▶ **EXERCISE GOAL**
Please give all of the data again, character for character, and drop the pictures.

Scraped caption text data:
== Segment start ==

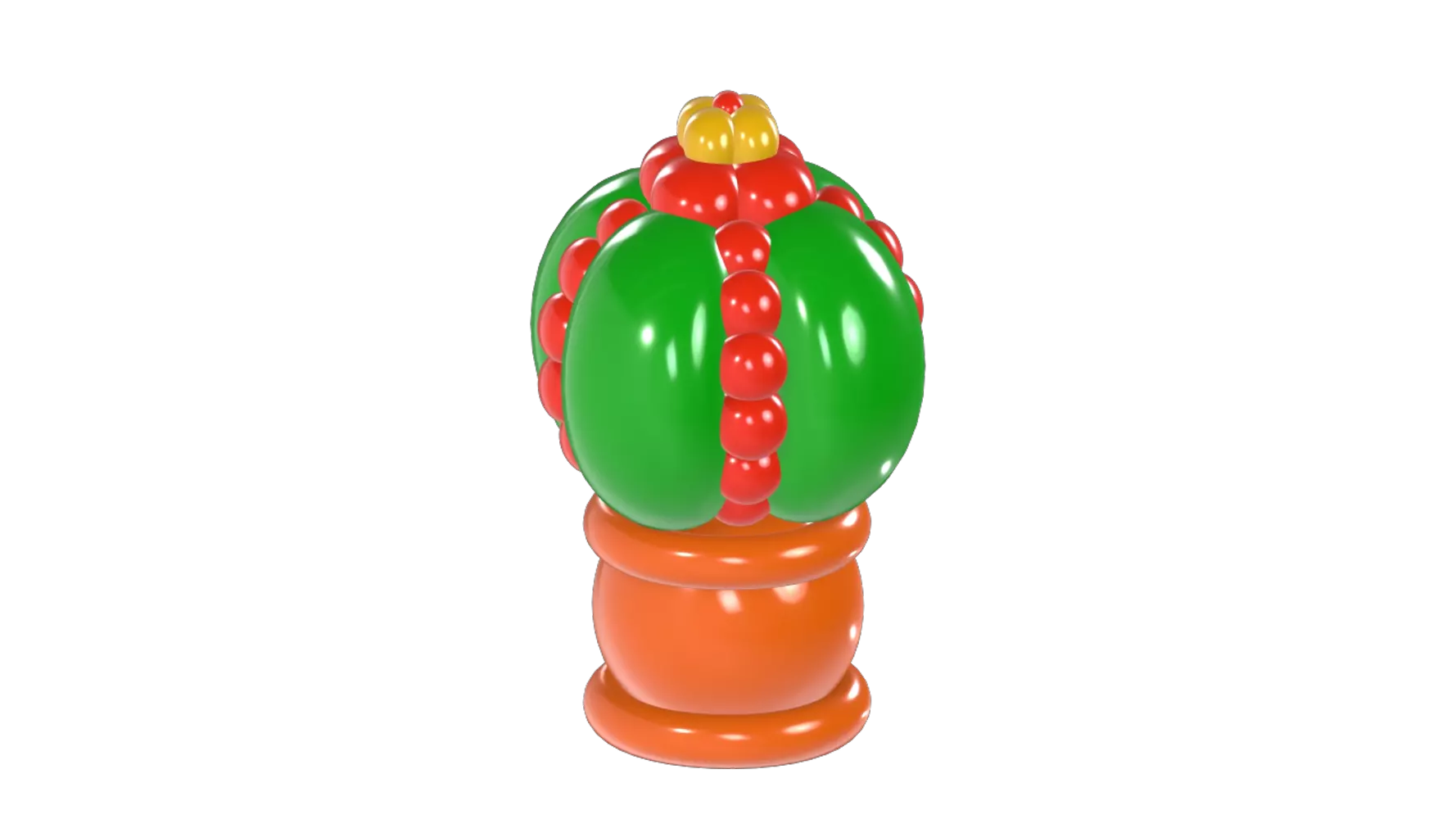 Cactus Balloon 3D Graphic
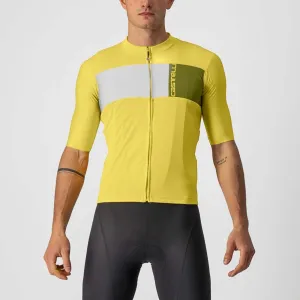 CASTELLI Cyklistický dres s krátkým rukávem - PROLOGO 7 - žlutá S
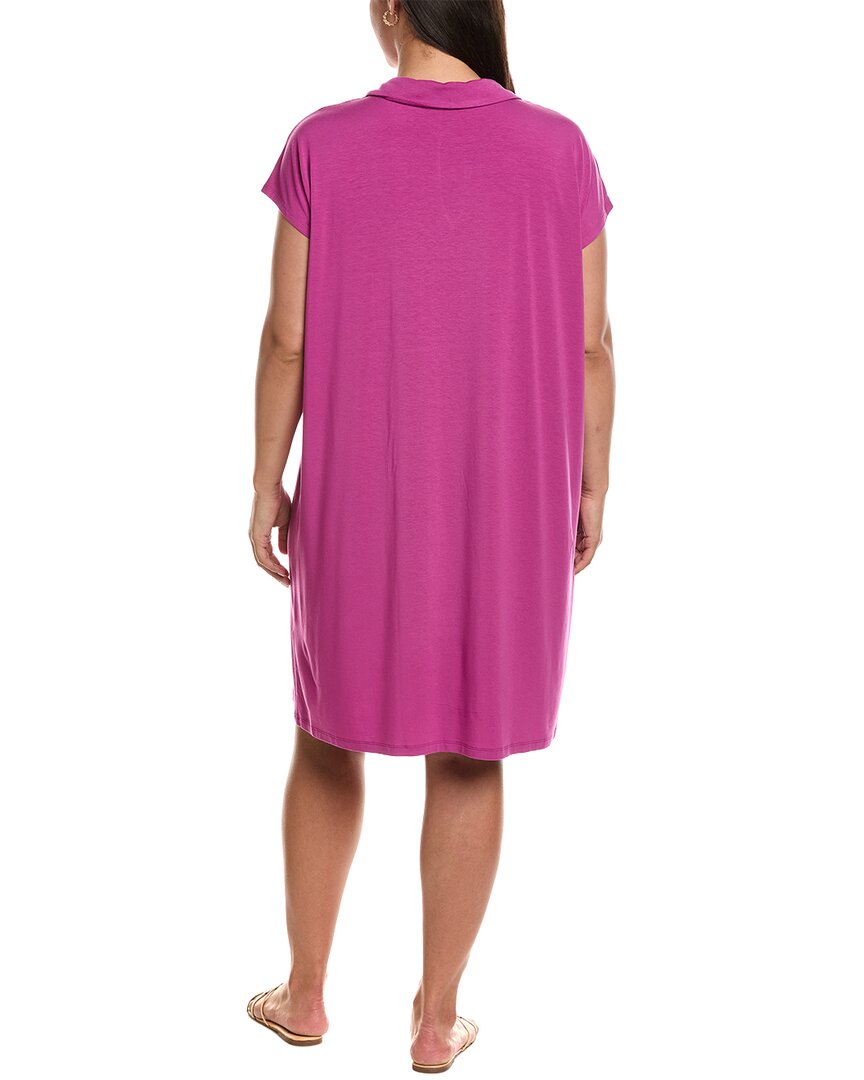 Eileen Fisher Classic Collar Midi Dress
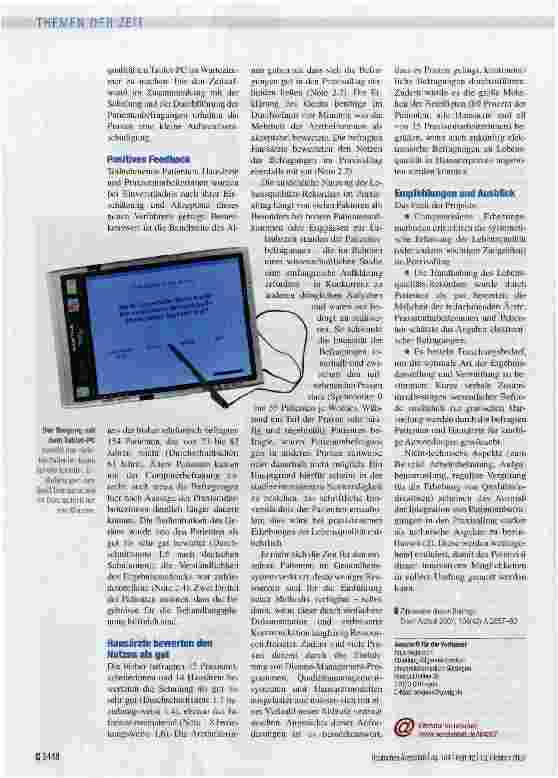 Vorschauseite 3: Patientenbefragung per Tablet-PC
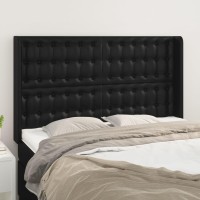 vidaXL Headboard with Ears Black 57.9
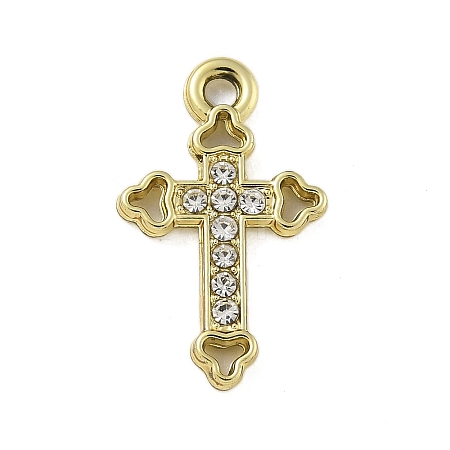 Alloy Rhinestone Pendants PALLOY-P308-04KCG-1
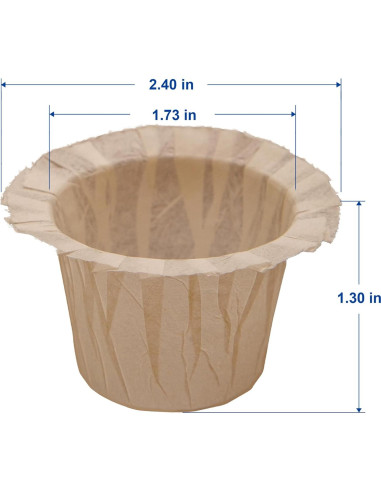 Filtros de Papel Natural Haetyly para K-Cup 100 Unidades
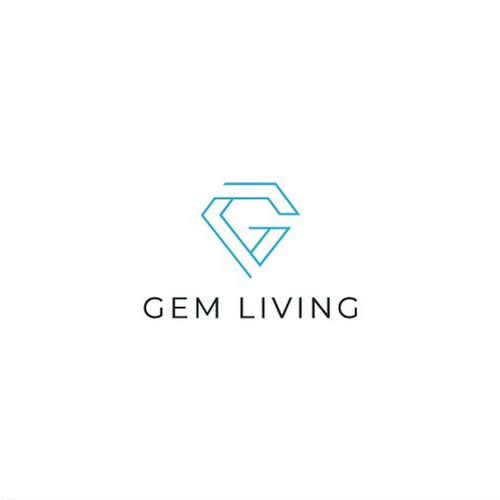 Geometrical, minimalist, modern brand design for Gem Living Design by mirza yaumil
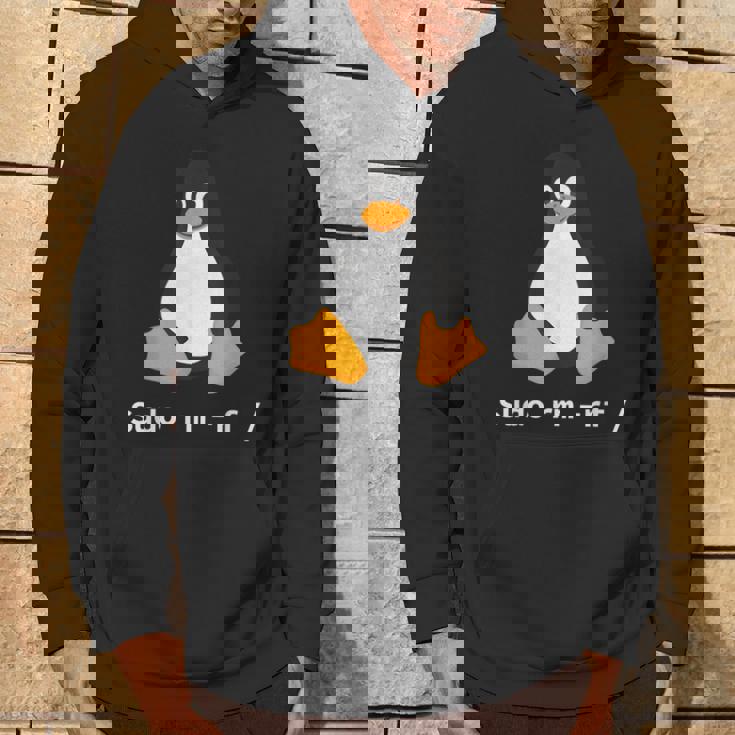 コンピューター -Udo Rm -Rf Tux Linux ペンギン プログラマー パーカー ライフスタイル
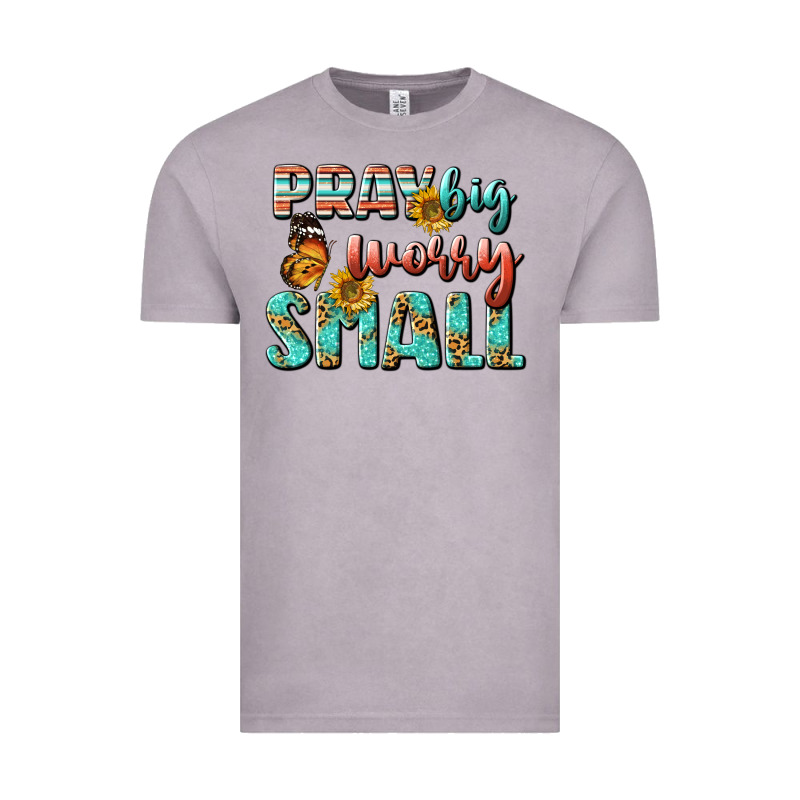 Pray Big Worry Small Vintage Tee by BundleAndBundleShop | Teevron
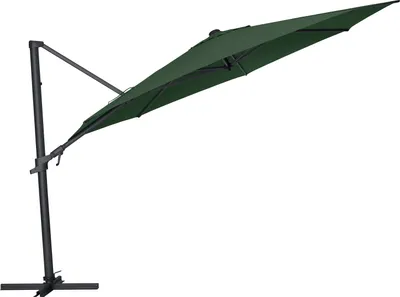 Produktbild von KETTLER  Easy Flex Ampelschirm Ø 350 cm, UPF 50+, inkl. Abdeckhaube+ Schirmständer, anthrazit matt/ grün, Aluminium/Polyester mit PolyurethanBeschichtung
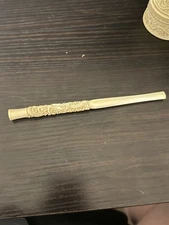 Vintage Asian Hand Carved Dragon Cigarette Holder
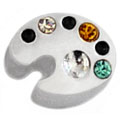 palette silver bead jewelry
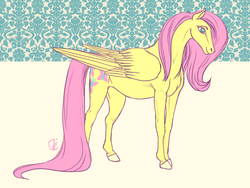 Size: 3000x2250 | Tagged: safe, artist:outcastermine, fluttershy, pony, g4, female, hoers, realistic, solo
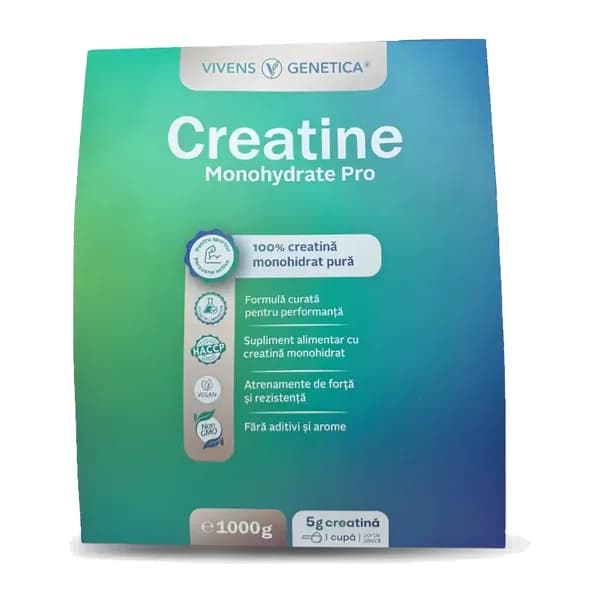 Creatine Monohydrate Pro, Performanță Sportivă, 1 bucată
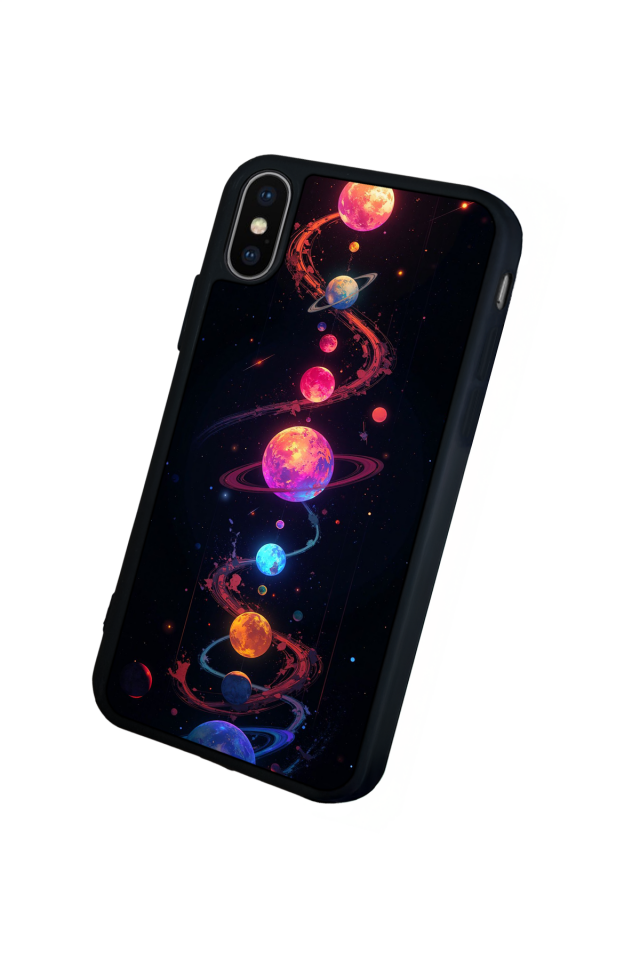 iPhone XS Max Uyumlu Uzay Tasarımlı Glossy Premium Kılıf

== Segment end ==

▶ **EXERCISE ANSWER**
 Cactus Balloon 3D Graphic
 CASTELLI Cyklistický dres s krátkým rukávem - PROLOGO 7 - žlutá S
 Eileen Fisher Classic Collar Midi Dress
 Vorschauseite 3: Patientenbefragung per Tablet-PC
 vidaXL Headboard with Ears Black 57.9
 Alloy Rhinestone Pendants PALLOY-P308-04KCG-1
 Filtros de Papel Natural Haetyly para K-Cup 100 Unidades
 Geometrical, minimalist, modern brand design for Gem Living Design by mirza yaumil
 コンピューター -Udo Rm -Rf Tux Linux ペンギン プログラマー パーカー ライフスタイル
 Pray Big Worry Small Vintage Tee by BundleAndBundleShop | Teevron
 Produktbild von KETTLER  Easy Flex Ampelschirm Ø 350 cm, UPF 50+, inkl. Abdeckhaube+ Schirmständer, anthrazit matt/ grün, Aluminium/Polyester mit PolyurethanBeschichtung
 Vintage Asian Hand Carved Dragon Cigarette Holder
 palette silver bead jewelry
 Size: 3000x2250 | Tagged: safe, artist:outcastermine, fluttershy, pony, g4, female, hoers, realistic, solo
 Creatine Monohydrate Pro, Performanță Sportivă, 1 bucată
 iPhone XS Max Uyumlu Uzay Tasarımlı Glossy Premium Kılıf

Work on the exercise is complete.